Non potevamo buttare via 20 anni di esperienza: credevamo che ci fosse ancora un futuro per l’azienda, e volevamo dimostrarlo. Tanto più che il lavoro non è mai mancato.
La decisione di liquidare l’azienda da parte del proprietario è stata una notizia inattesa per me e per gli altri operai della Bulleri Brevetti di Cascina. Il lavoro e le commesse non sono mai diminuiti, ma con la cattiva gestione e le difficoltà di bilancio, da un giorno all’altro ci siamo ritrovati senza lavoro.
Macchine con una lunga vita
La Bulleri è un’azienda storica del polo industriale di Pisa, nata nel 1935. Famosa per la produzione di macchinari per la lavorazione del legno, della plastica e dell’acciaio. Ma nel 2009 si trova ad affrontare difficoltà di gestione e di bilancio.
Eravamo 47 dipendenti in cassa integrazione, con mesi di arretrati non pagati. Molti si sono appoggiati alle famiglie, con la preoccupazione di dover cercare un nuovo posto di lavoro e la paura di non riuscire a trovarlo. Per un anno noi lavoratori, le istituzioni e l’intera comunità di Cascina si mobilitano per impedire la chiusura di quella che è una realtà di eccellenza del settore. Eppure non abbiamo trovato nessuno disposto a investire: gli imprenditori locali non sembrano interessati a rilevare l’azienda.
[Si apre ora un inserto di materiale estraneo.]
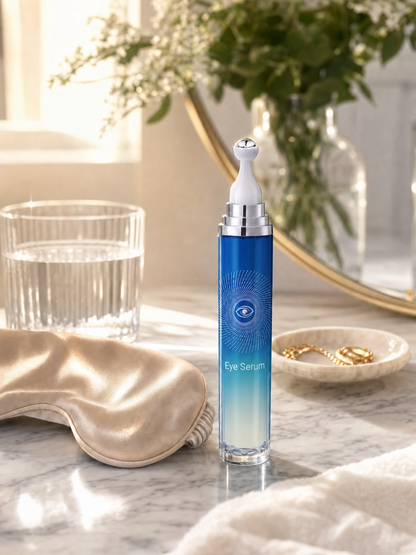 Caffeine De-Puff Eye Roller — Anti-Dark Circle & Wrinkle Serum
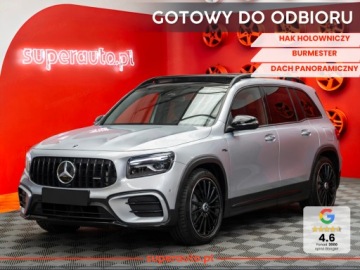 Mercedes GLB SUV AMG 35 2.0 306KM 2025 MERCEDES-BENZ GLB AMG 35 4-Matic Suv 2.0 (306KM) 2025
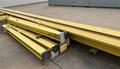 5-Ton Sievert Crane &amp; Hoist Four Post Freestanding Overhead Crane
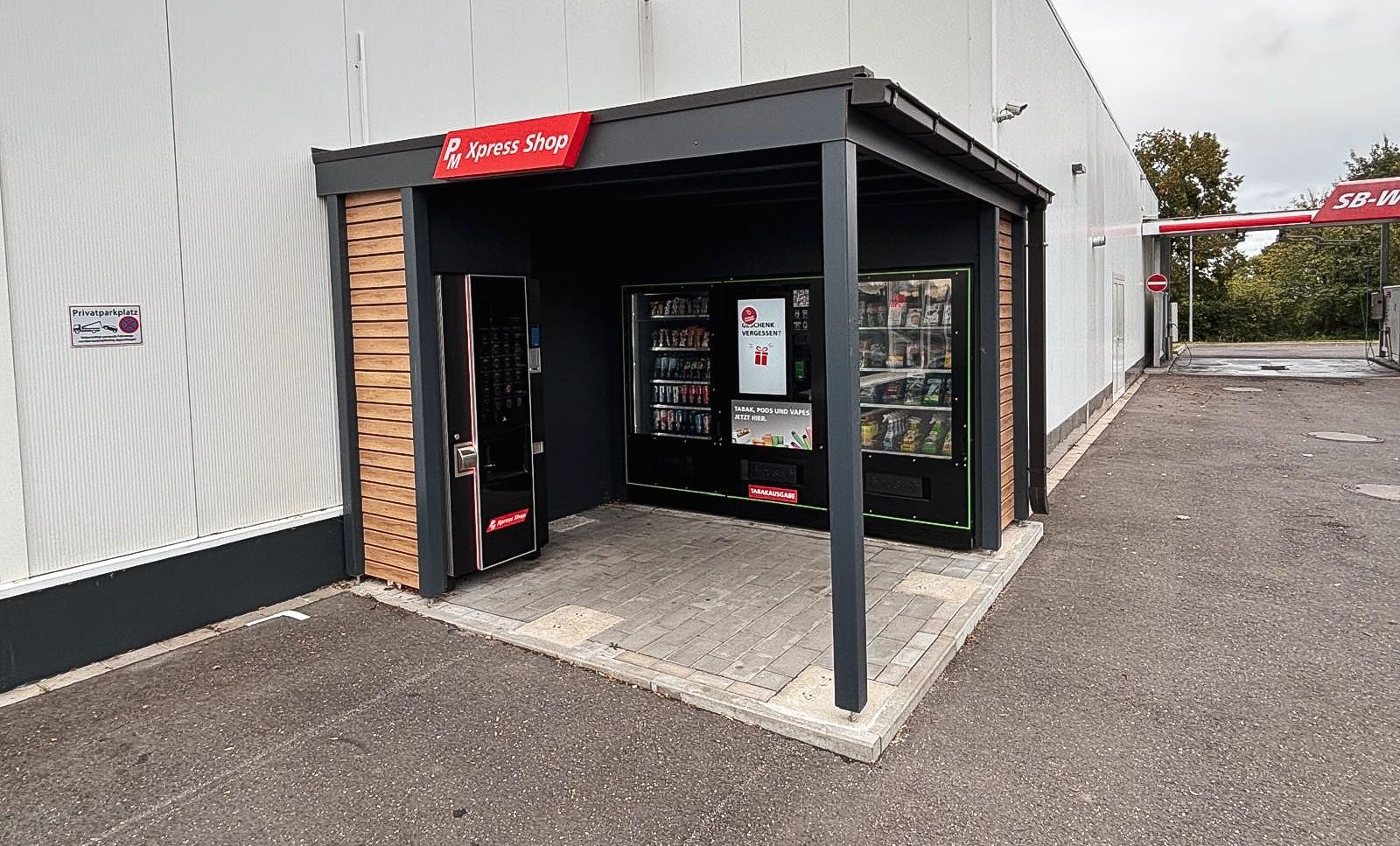 vape automat outdoor Vape Automat: Unkompliziertes Vaping, Rund um die Uhr ✓ main image 1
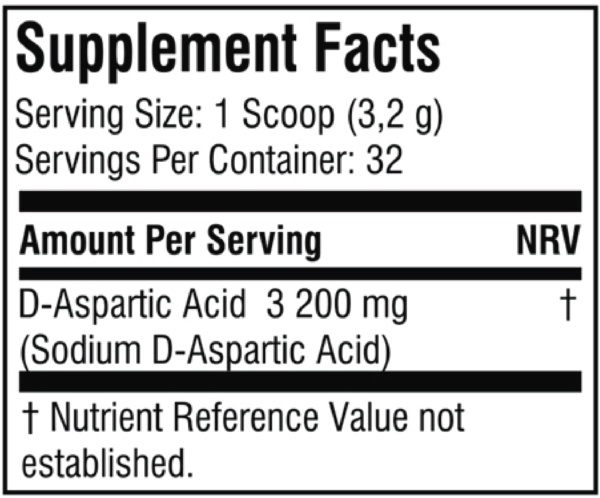 Basix DAA Powder – Evolve Nutrition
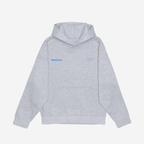 'THE BECOMING' HOODIE IN GREY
Riprendere in mano il futuro
Non c’era motivo per chiudere la ditta e perdere l’esperienza e le competenze di tanti operai, progettisti, disegnatori. Per questo abbiamo deciso di costituirci in cooperativa e prendere in mano il futuro, il nostro e quello dell’azienda.
Dieci operai hanno rinunciato alla cassa integrazione e ottenuto in liquidazione straordinaria 10 mila euro a testa, versati all’azienda. Altri 16 operai hanno investito la cifra simbolica di 150 euro. Nel luglio 2010 nasce così, con il supporto delle istituzioni pubbliche, dei finanziamenti della Banca di Cascina e di Fidi Toscana, la Nuova Bulleri Brevetti – in forma cooperativa.
"La vera risorsa dell’azienda è il capitale umano, non le macchine o i capannoni. è da questo che siamo ripartiti".
Sono passati quattro anni e abbiamo le prove di quello che abbiamo realizzato con la tenacia di tutti i soci. Il capannone dove adesso le macchine lavorano a pieno ritmo, alla riapertura era vuoto. Non c’erano nemmeno gli impianti per la produzione di nuovi ordini.
Nella prima fase abbiamo ripreso i contatti con i vecchi clienti, e ci siamo occupati dell’assistenza e della manutenzione dei macchinari venduti. Una volta arrivate le prime commesse, la produzione è ricominciata.
Da operaio tanti problemi non li percepivi, entravi alle 8 della mattina e uscivi la sera, non ti preoccupavi se la ditta andava bene. Da quando siamo soci, siamo responsabili del destino della fabbrica: lavoriamo per noi stessi. Un bullone, se prima lo avvitavi così, adesso cerchi di avvitarlo con un po’ più di… coscienza.